I bought a Valentine’s Day card for Brian that had a picture of a donut and a donut hole. The enclosure was “You complete me.” I didn’t even care that the card was near $5, because I love donuts that much and so does someone else. It was perfect.
There were too many excuses to bake this past weekend… the day of love, Mardi Gras, and I guess that’s it, but reason enough. I did simple cookies for Valentine’s Day gifts, but wanted to go for gold in honor of Fat Tuesday. Inspired by fried dough, I decided to go with beignets.
I was excited about my experiment and did not want to fail. Leading up to bake time, Brian kept referring to the fried dough as a paczki (poonch-key). He was right, on a lot of different levels: fried dough, a Fat Tuesday treat, but he was stuck in Poland and I was in New Orleans.

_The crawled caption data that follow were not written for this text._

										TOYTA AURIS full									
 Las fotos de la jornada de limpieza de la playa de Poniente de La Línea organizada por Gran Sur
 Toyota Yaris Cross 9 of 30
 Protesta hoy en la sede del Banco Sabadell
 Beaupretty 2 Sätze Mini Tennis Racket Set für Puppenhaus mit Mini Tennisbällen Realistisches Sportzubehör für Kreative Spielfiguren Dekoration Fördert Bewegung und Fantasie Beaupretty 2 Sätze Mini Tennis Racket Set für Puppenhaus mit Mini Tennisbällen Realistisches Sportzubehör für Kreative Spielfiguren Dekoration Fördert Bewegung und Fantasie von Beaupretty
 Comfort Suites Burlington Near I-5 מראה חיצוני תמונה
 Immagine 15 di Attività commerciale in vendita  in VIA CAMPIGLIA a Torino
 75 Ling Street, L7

I made the dough, let it rise, fried it off, and topped it with loads of powdered sugar; I sampled… I liked. I really liked. I served my in-laws and scored big. I left the dough at their house, so they could fry up some fresh ones the next day. Brian just happened to stop by that morning to drop our dog off before a day of skiing and texted me, “we can’t stop eating the bin yays.” Close but no cigar.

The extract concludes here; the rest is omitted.